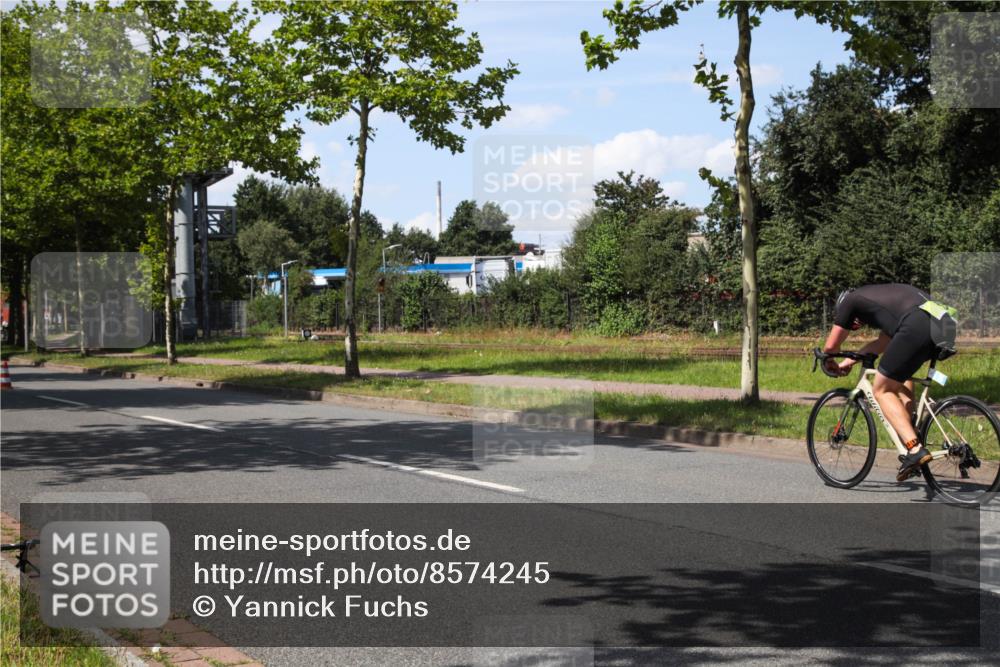 10.08.2025 - GEWOBA Citytriathlon Bremen Yannick Fuchs http://msf.ph/oto/8574245 10.08.2025 14:08:21 Radfahren 3 meine-sportfotos.de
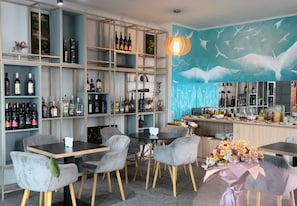 Snack bar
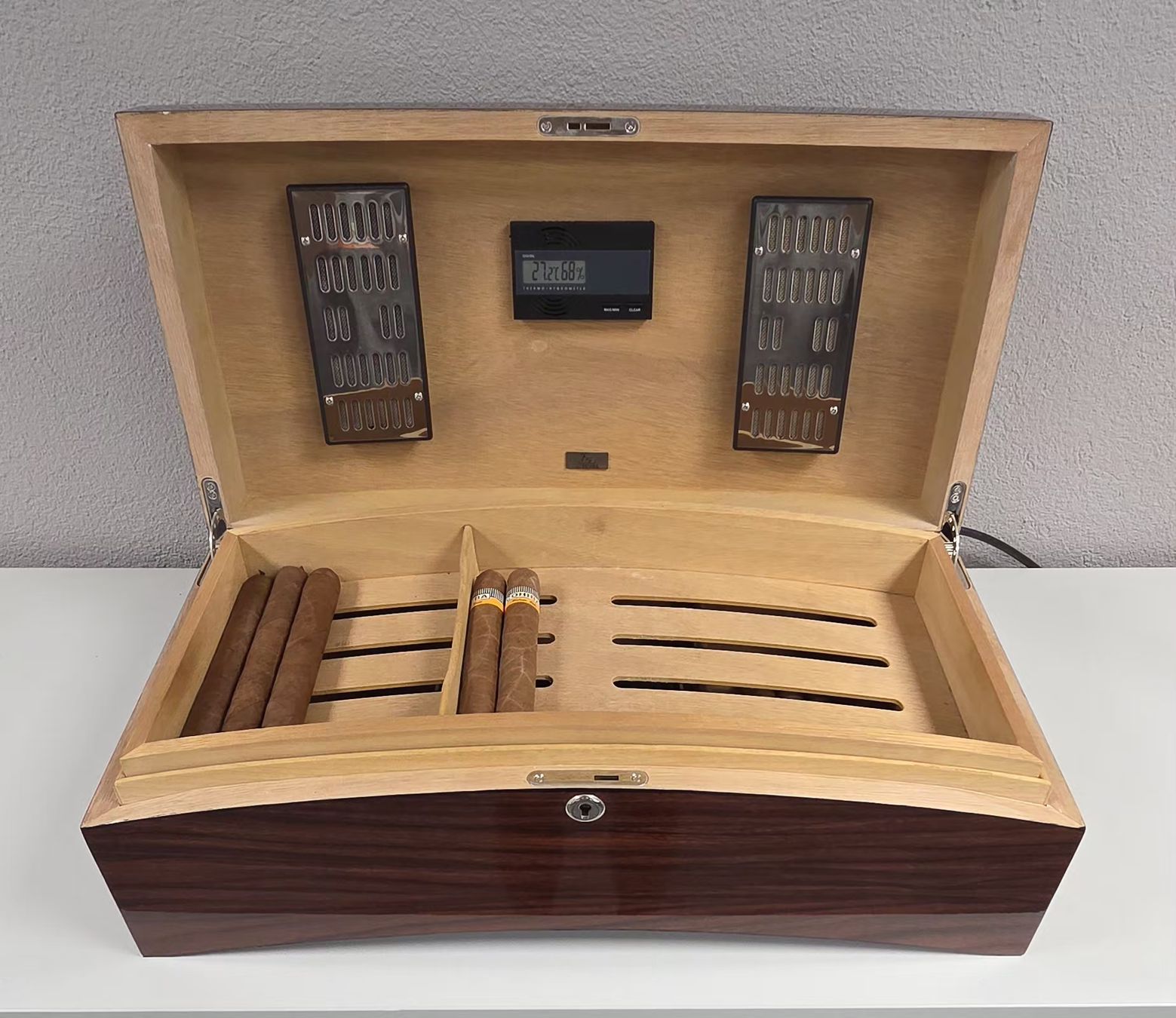 Humidor per sigari: Humidor – Usato da Cernier / venduto da car_5rm5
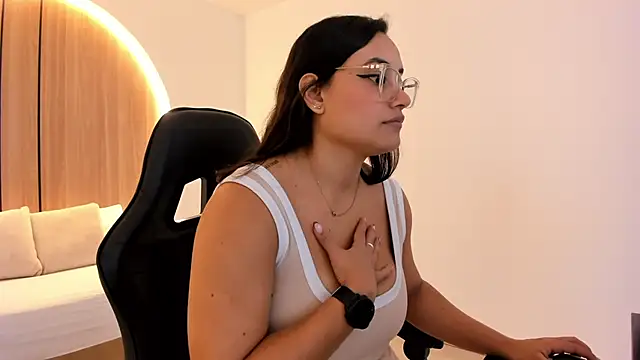 Snapshot of zoe_danae_ chatting on September 30, 2025, 12:10 pm zoe danae online show from September 30, 2025, 12:10 pm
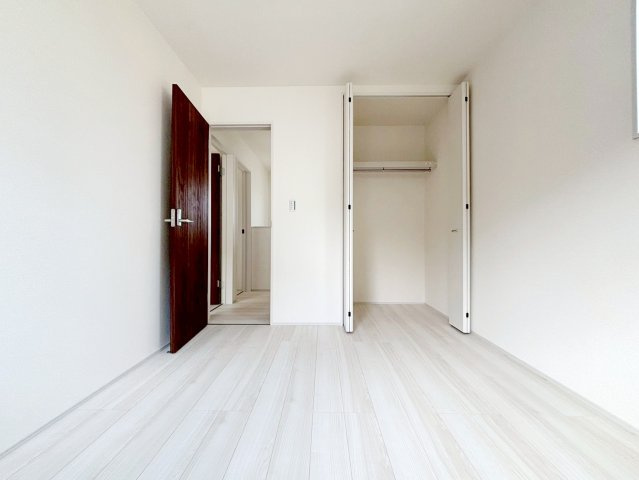 島田市旭3丁目／　新築戸建の洋室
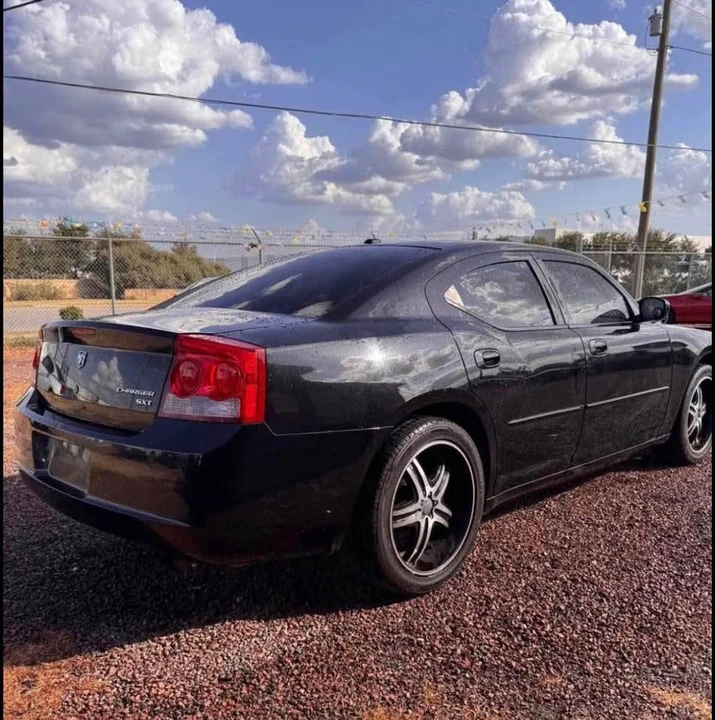 2010 Dodge Charger 6th Gen - Image 4 of 9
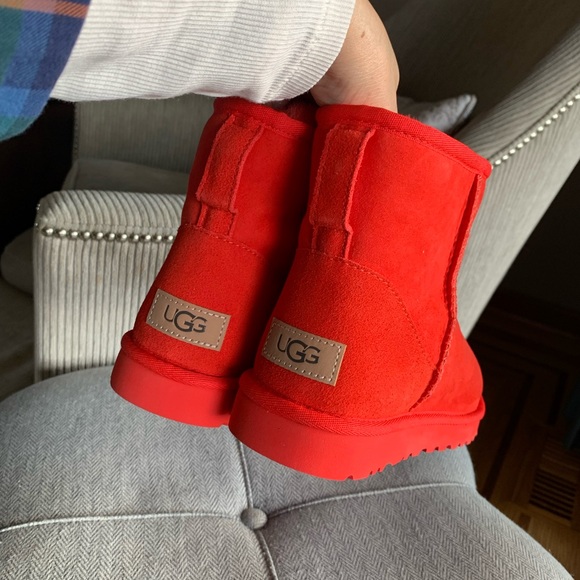 Womens UGG® Classic Mini II Boot - Picture 8 of 11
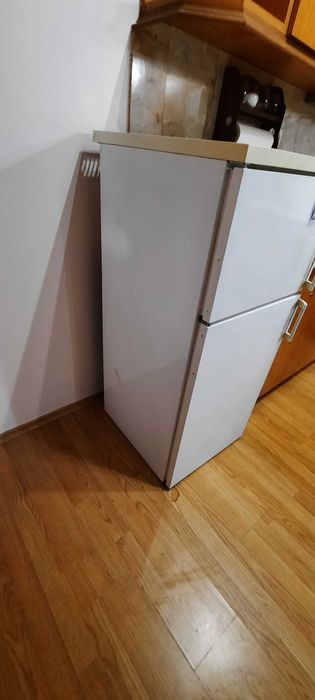 Хладилник с камера,малък бял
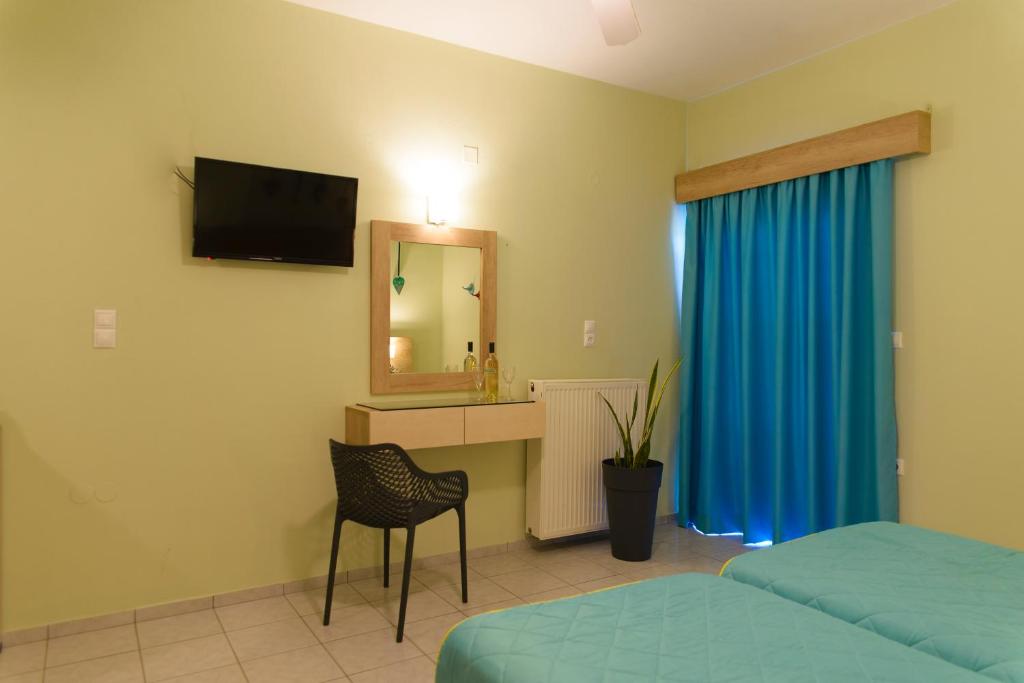 Superior Triple Room Mountain View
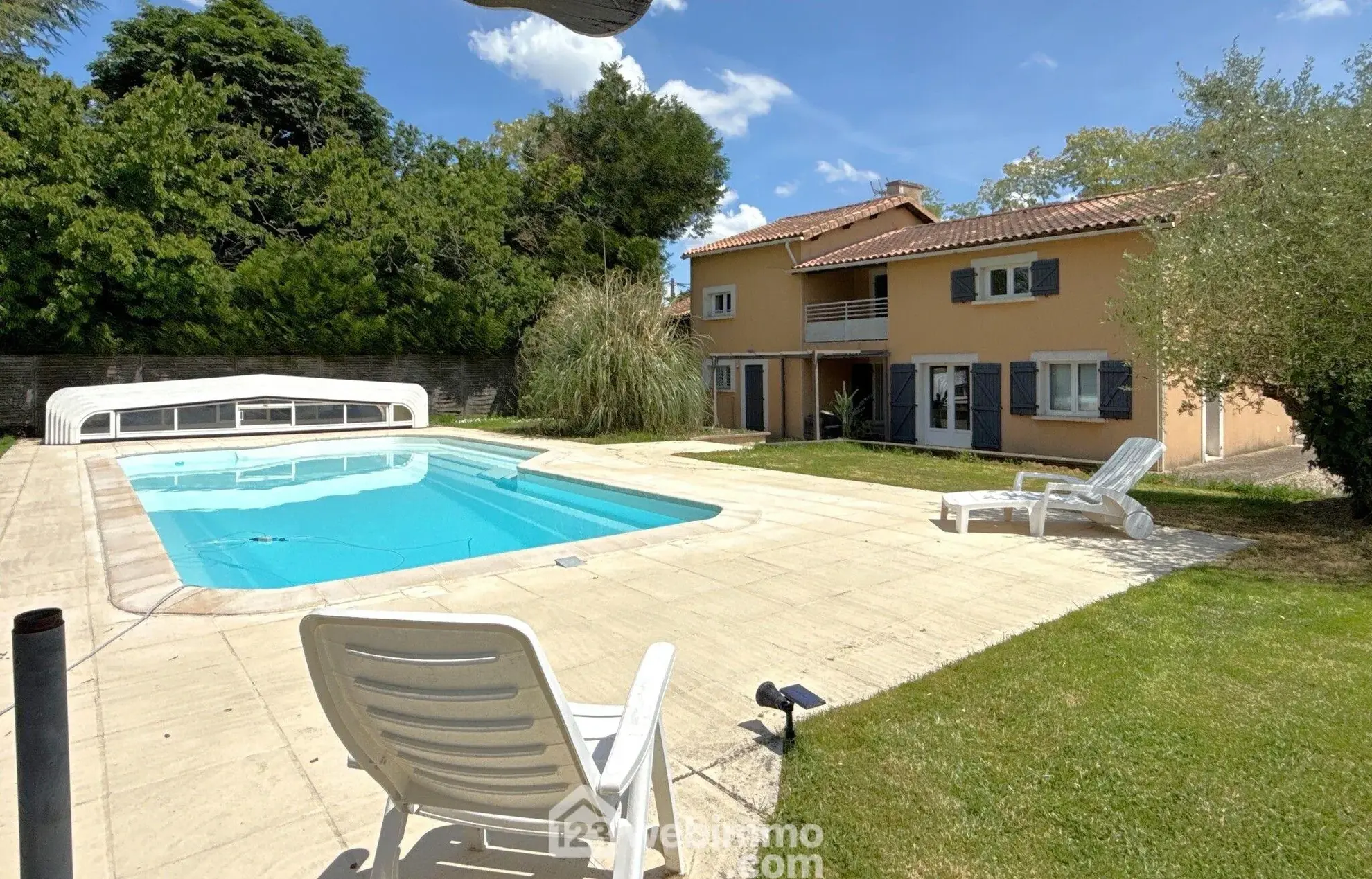 Maison de 160 m² avec piscine et grange à Saint-Martin-la-Pallu 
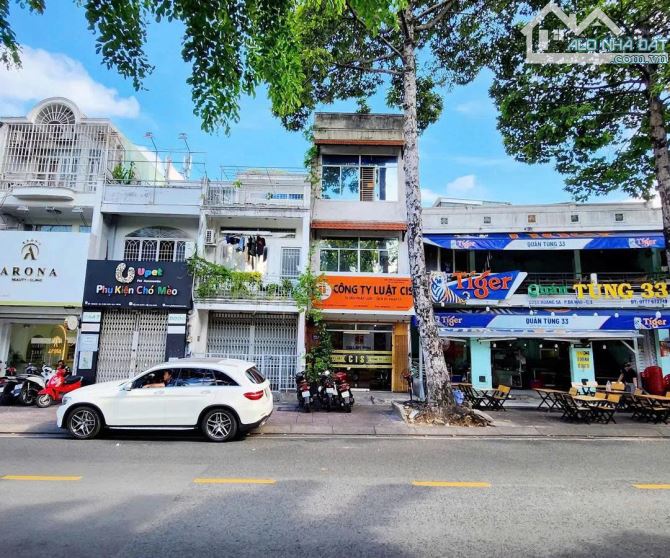 Nhà 2 Mặt Tiền Hoàng Sa Quận 1 –  Có HĐ Thuê 37tr/Th – 64m² – 3 Tầng – 21.9 Tỷ TL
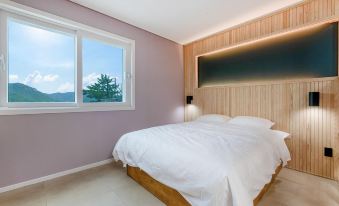 Tongyeong Saryangdo Elphis36 Poolvilla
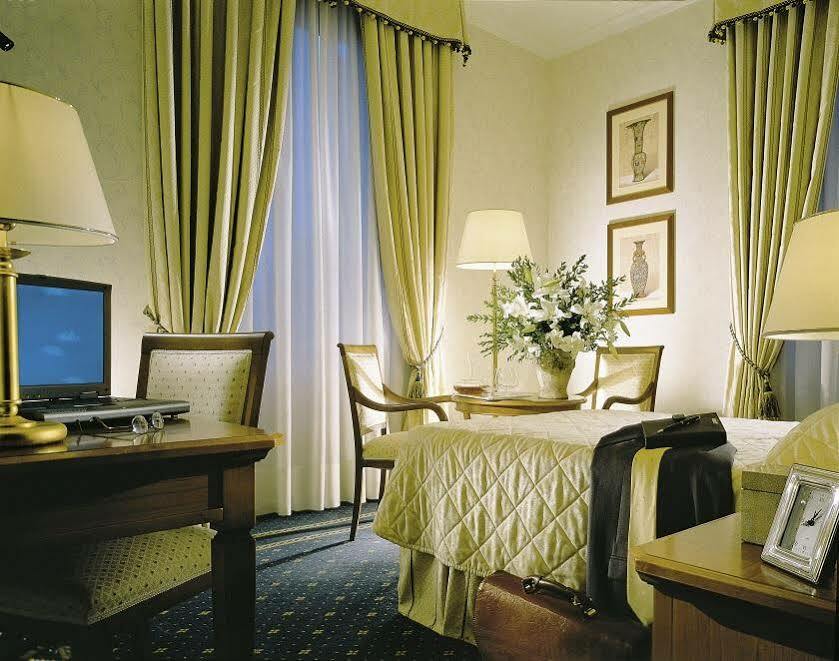 Una Empire Hotel 4*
----------
— WHAT IS NEEDED —
All lines from the start of the entries above through the line containing "Humidor per sigari: Humidor" are to be given again exactly; the pictures are not.

— EXERCISE OUTPUT —
 10.08.2025 - GEWOBA Citytriathlon Bremen Yannick Fuchs http://msf.ph/oto/8574245 10.08.2025 14:08:21 Radfahren 3 meine-sportfotos.de
 Snack bar
 Humidor per sigari: Humidor – Usato da Cernier / venduto da car_5rm5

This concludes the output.